FANEWS.ID – Edward Omar Sharif Hiariej alias Eddy Hiariej sementara ini dapat bernapas lega. Pasalnya, Pengadilan Negeri Jakarta Selatan (PN Jaksel) menyatakan gugatan praperadilan tersangka penerima gratifikasi itu diterima sebagian.
Hakim tunggal perkara ini, Estiono, menilai penyidik Komisi Pemberantasan Korupsi (KPK) tidak memiliki alat bukti yang cukup dalam menetapkan bekas Wamenkumham itu sebagai tersangka.
Oleh karena itu, penetapan tersangka Eddy harus dibatalkan. Estiono menimbang, “penetapan tersangka oleh termohon tidak sah dan tidak mempunyai kekuatan hukum mengikat.”

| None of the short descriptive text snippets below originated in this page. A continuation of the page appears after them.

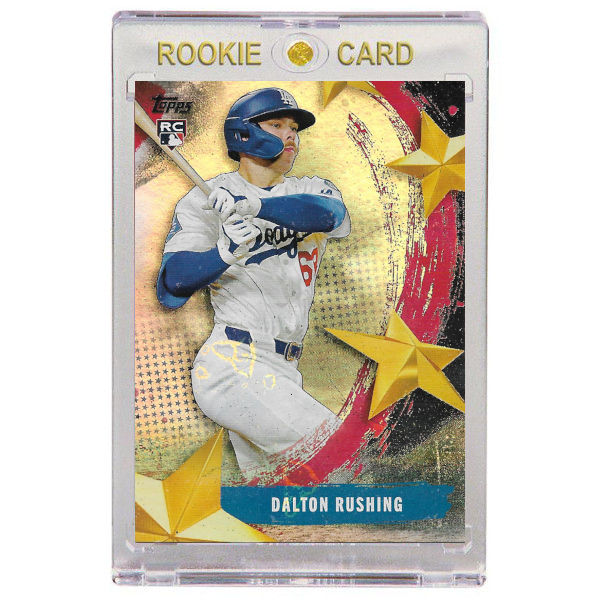 Dalton Rushing Los Angeles Dodgers 2025 Topps Stars of MLB # 75 Rookie Card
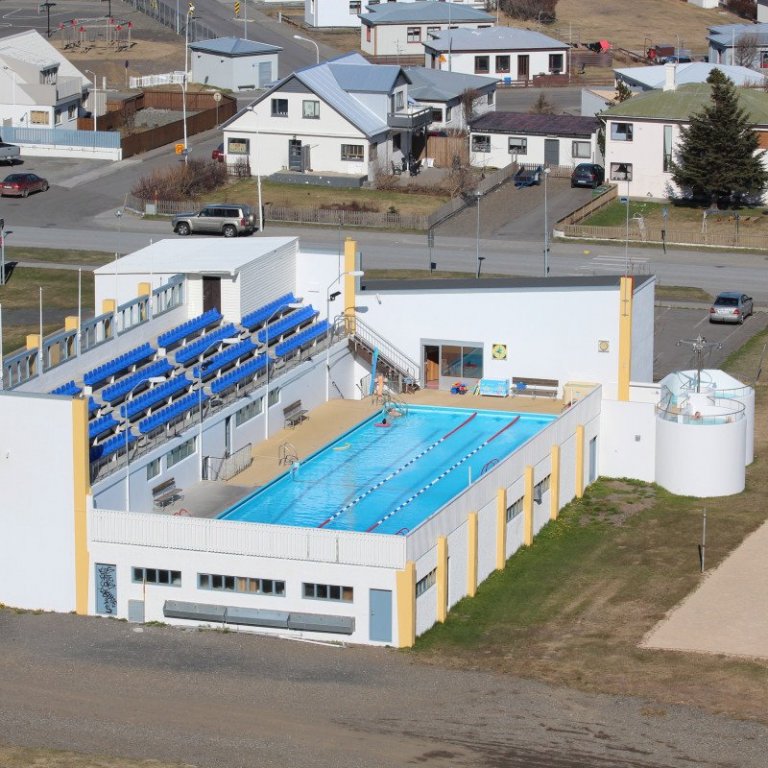 Sundlaug Sauðárkróks. Mynd: Sveitarfélagið Skagafjörður.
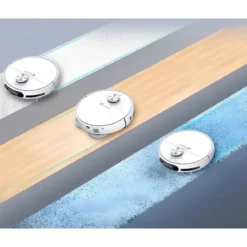 Robot Aspirapolvere Lavapavimenti 3 Serbatoi Bianco Mappatura Smart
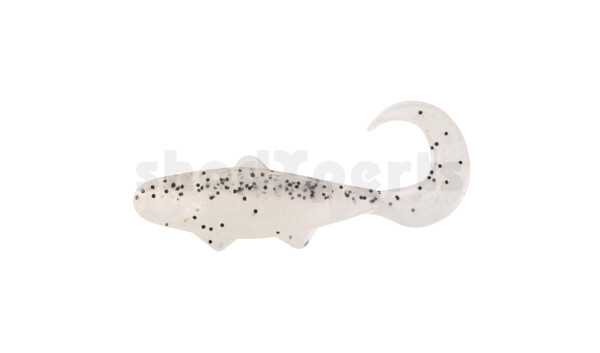 000935B306 Banjo Twister 1" (ca. 3,5 cm) perl / klar salt´n pepper Glitter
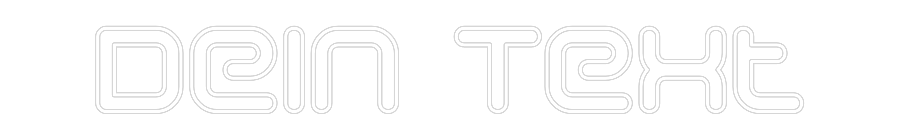 Individuelles Neon: Dein Text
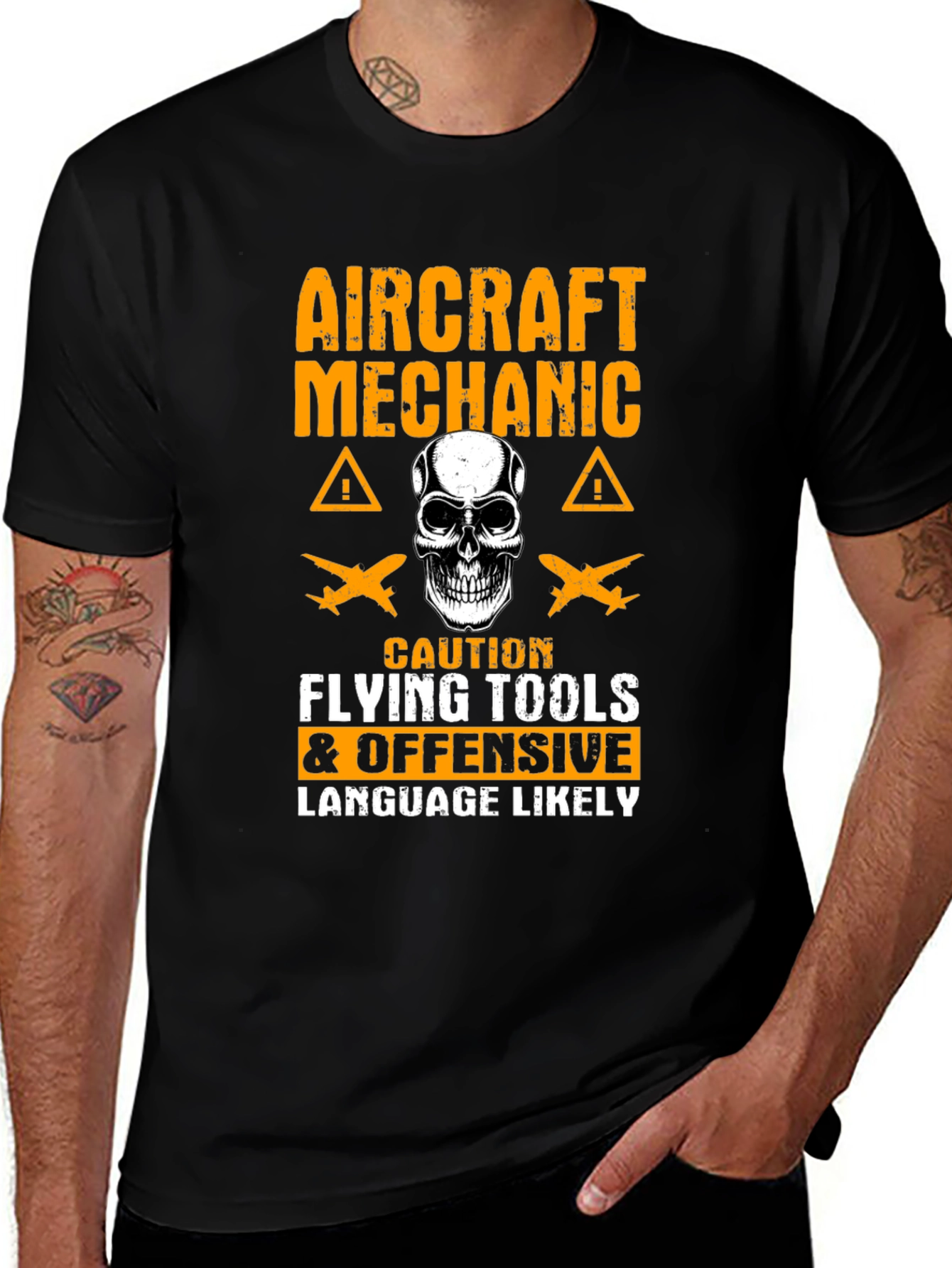 Variant 28 of Aircraft Mechanic Caution T-Shirt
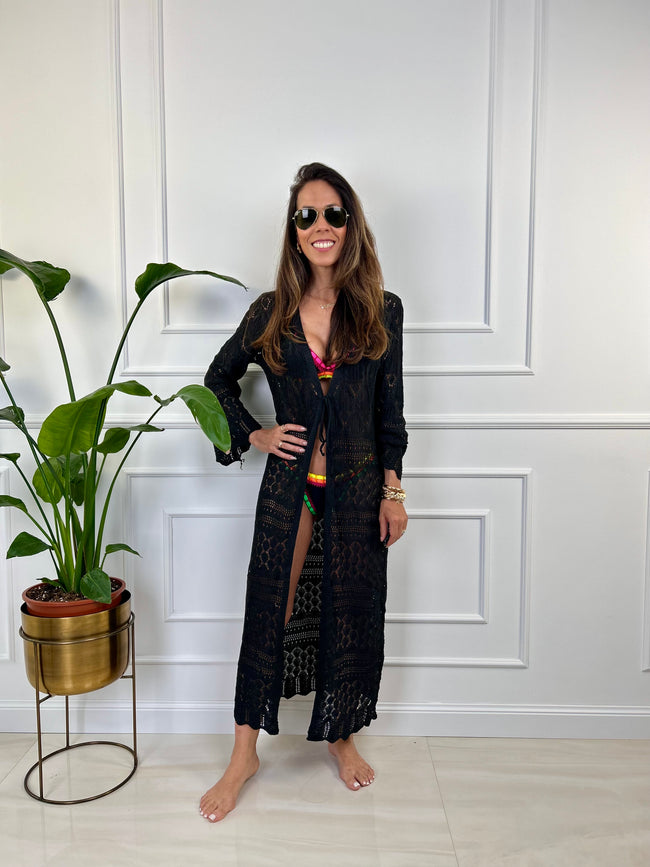 Copricostume Marika - Nero / Taglia unica-Bianco / Taglia unica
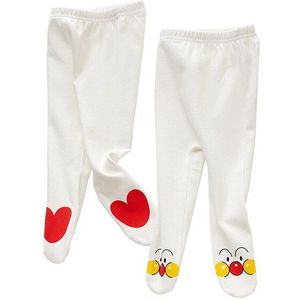 Kinderen Leggings Baby Jongens Meisjes Witte Katoenen Broek Pasgeboren Peuter Meisjes Kleding Lente Herfst Liefde Print Kleding 0-2 T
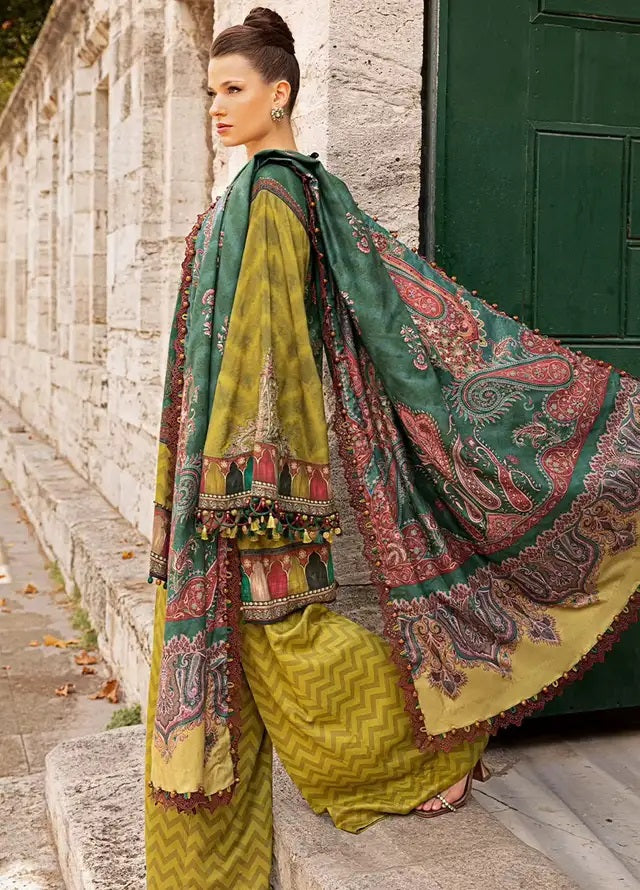 M.Prints By Maria B Embroidered Linen 3 Piece Unstitched Suit MB24MPFE MPT-2305-A M.Prints By Maria B Embroidered Linen 3 Piece Unstitched Suit MB24MPFE MPT-2305-A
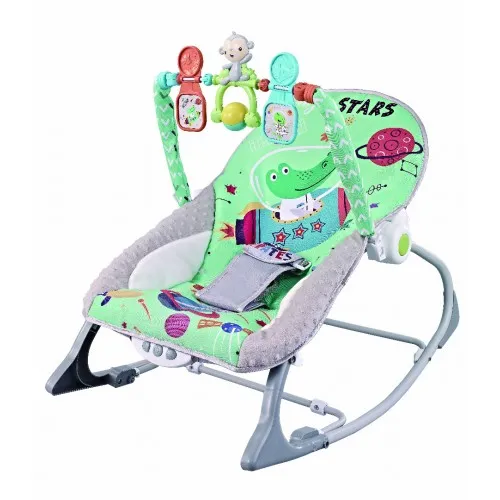 Chipolino Музикален шезлонг "Baby Spa"зелен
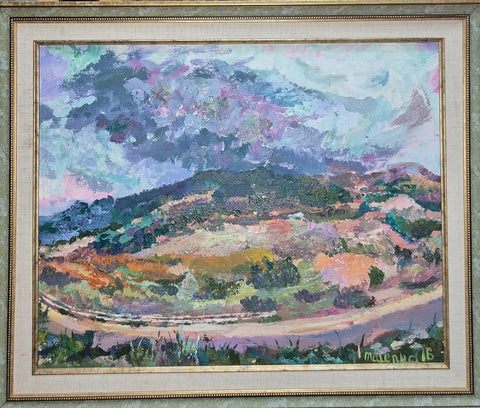 ילנה מקונוביטסקי |  Elena Makonovitsky, Acrylic on canvas, framed, 40 by 50 cm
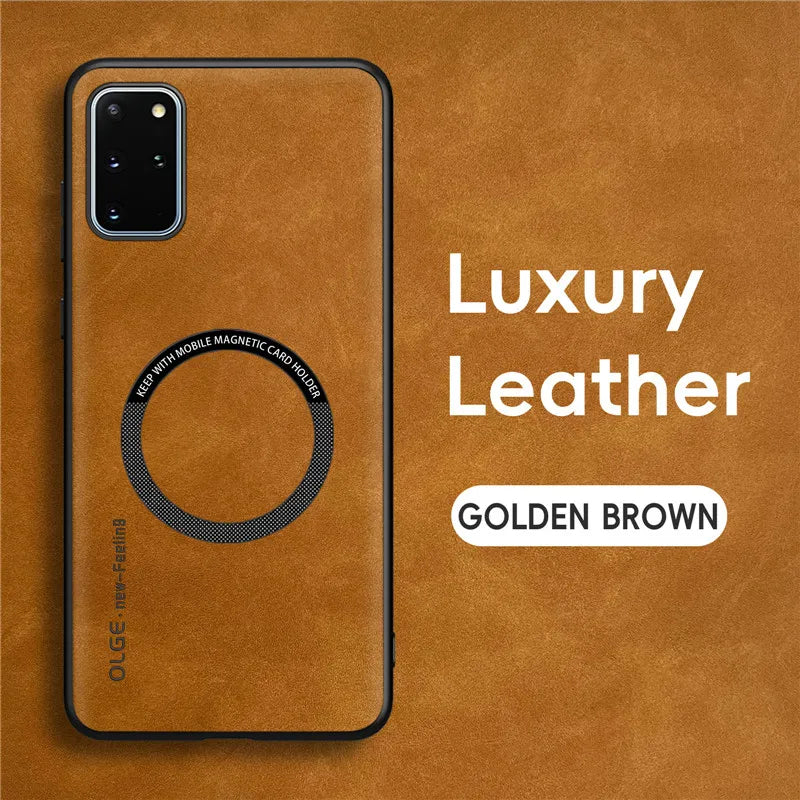 Magnetic Retro Leather Case For Samsung Galaxy S20 Plus Ultra S20Plus S20Ultra Wireless Charging Phone Case Cover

Ketua IM57+ Institute, M Praswad Nugraha, menilai putusan hakim Estiono yang membatalkan status tersangka Eddy sebagai suatu yang berbahaya. Dia menyatakan putusan ini dapat menjadi preseden yang mempengaruhi putusan praperadilan lain.
“Perlu adanya upaya mendalam untuk memeriksa proses praperadilan ini sehingga menjadi jelas bagaimana pertimbangan hakim bisa mengarah ke sana,” ujar Praswad kepada reporter Tirto, Jumat (2/2/2024).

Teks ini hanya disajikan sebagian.